Proof of $6174$ as the unique 4-digit Kaprekar's constant

Question

I'm studying number theory and I meet this question:

(For those who knows Kaprekar's constant may skip 1st paragraph.)

Let $a$ be an integer with a 4-digit decimal expansion, with not all digits the same. Let $a'$ be the integer with a decimal expansion obtained by writing the digits of $a$ in descending order, and let $a''$ be the integer with a decimal expansion obtained by writing the digits of $a$ in ascending order. Define $T(a)=a'-a''.$

Show that the only integer with a four-digit decimal expansion with not all digits the same such that $T(a)=a $ is $a=6174$.

My attempt

Let $a'=\overline{a_4a_3a_2a_1}$, where $a_4\ge a_3\ge a_2\ge a_1$; $a''=\overline{a_1a_2a_3a_4}$.
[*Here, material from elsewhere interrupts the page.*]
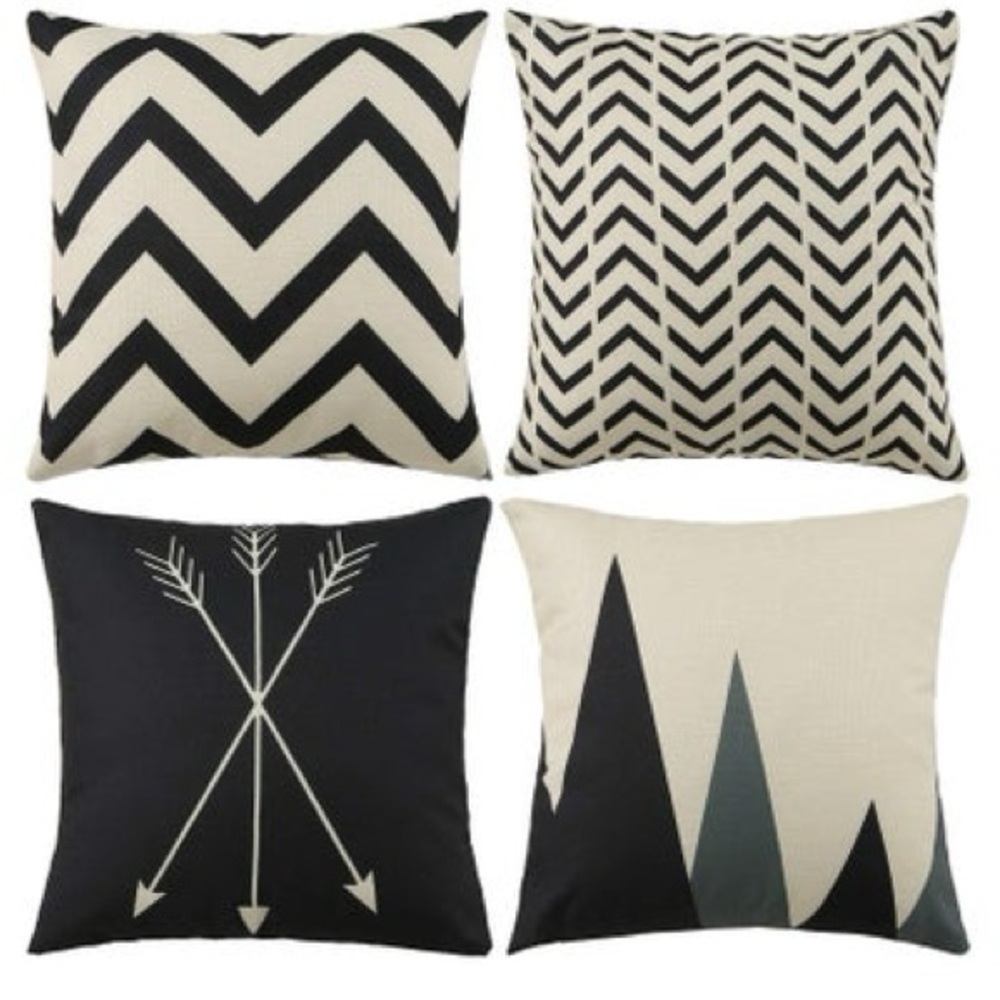 Black and White Geometric Throw Pillows Set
$a=T(a)=a'-a''=1000(a_4-a_1)+100(a_3-a_2)+10(a_2-a_3)+(a_1-a_4)$

For $a_3=a_2$, $T(a)=\overline{(a_4-a_1-1)99(10+a_1-a_4)}$

As the largest digit of $a$ in this case is $9$, $a_4=a_3=9$,

so $T(a)=\overline{(8-a_1)99(a_1+1)}=8991-999a_1$. But no such pair of $(a_1,a)$ where $a=T(a)$ exists.

Therefore $a_3>a_2$.

$a=T(a)=\overline{(a_4-a_1)(a_3-a_2-1)(9+a_2-a_3)(10+a_1-a_4)}$

For each digit, as they can be rewritten into only $a_1,a_2,a_3$ or $a_4$,

we have:

$$a_4-a_1=a_1/a_2/a_3/a_4\implies10+a_1-a_4=10-a_1/10-a_2/10-a_3/10-a_4$$ $$a_3-a_2-1=a_2/a_1\implies 9+a_2-a_3=10-a_2/10-a_1$$

We now have $2\cdot4=8$ cases to deal with, which need to be solved by brute-force. But I don't like it.

Question

I'm stuck here. Originally I want to prove it as simply/algebraically as possible. Can someone give me some hint to proceed my proof? Or is there any more elegant way to prove it? Thank you.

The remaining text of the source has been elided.